Task brief | Your task is to transcribe the data exactly while omitting each picture.

Provided data |
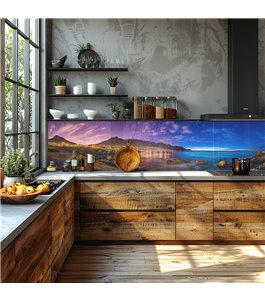 Glas Küchenrückwand 6 mm ESG Motive KRWM-0555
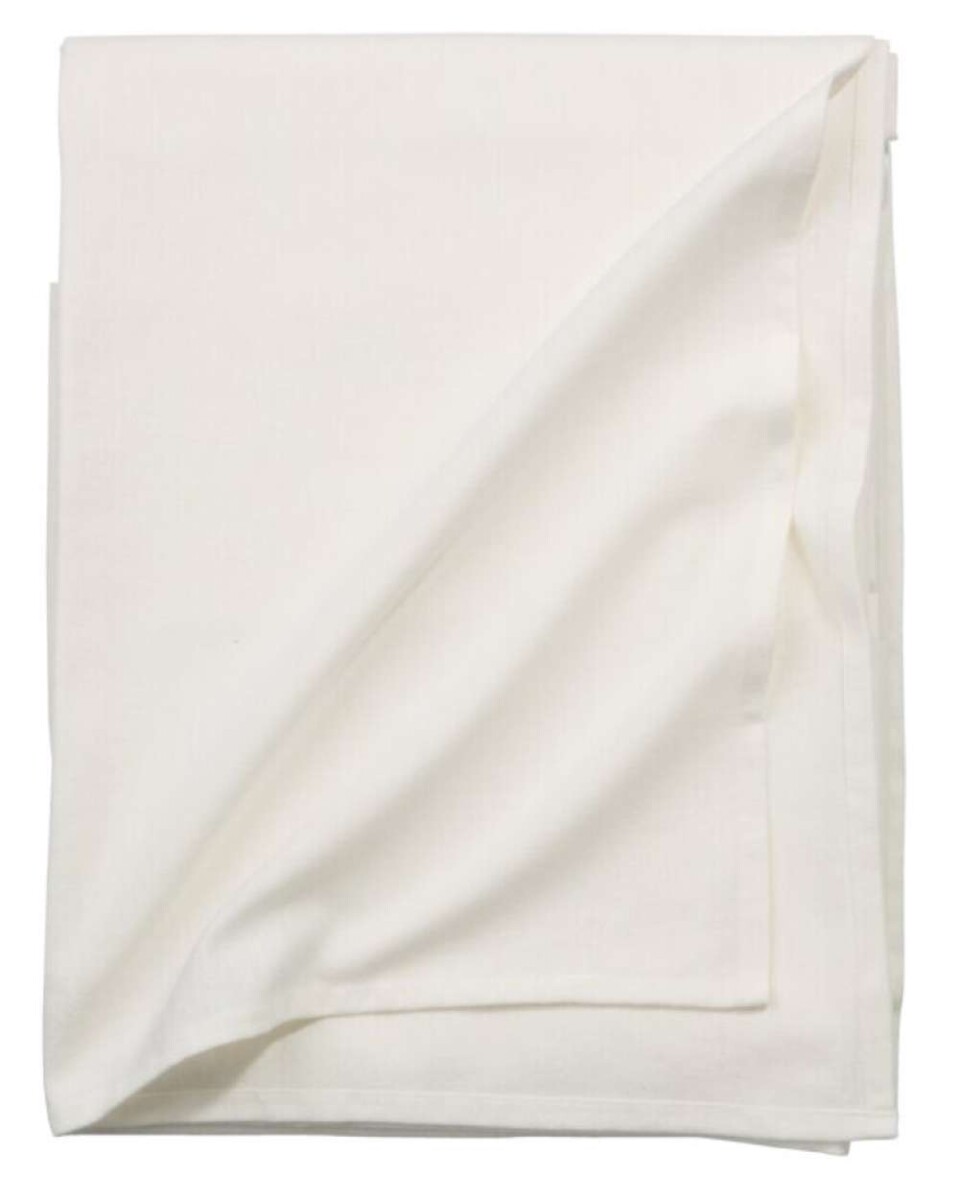 Mantel HEIFRYTLE 140x240 lino blanco - Blanco 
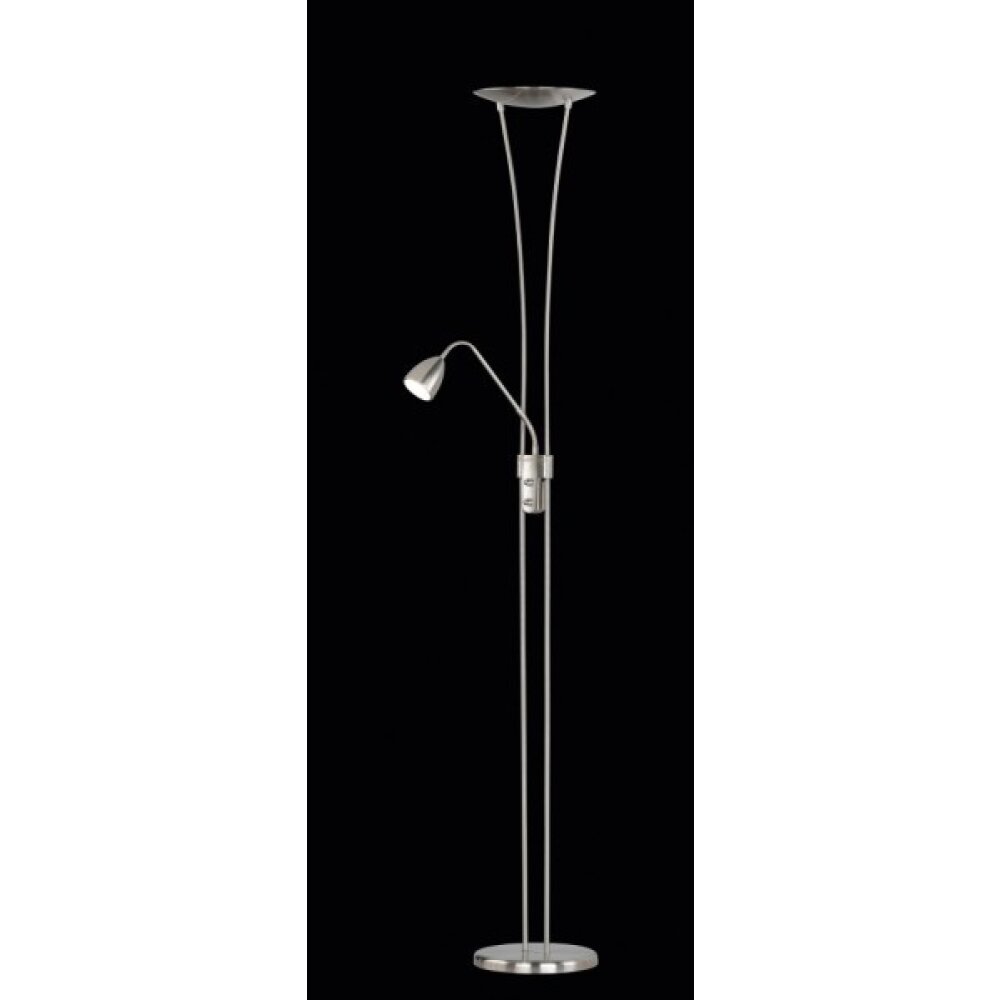 Trio Leuchten ARIOZONA Deckenfluter LED Chrom, Edelstahl, Nickel-Matt, 1-flammig main product photo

Task response |
 Glas Küchenrückwand 6 mm ESG Motive KRWM-0555
 Mantel HEIFRYTLE 140x240 lino blanco - Blanco 
 Trio Leuchten ARIOZONA Deckenfluter LED Chrom, Edelstahl, Nickel-Matt, 1-flammig main product photo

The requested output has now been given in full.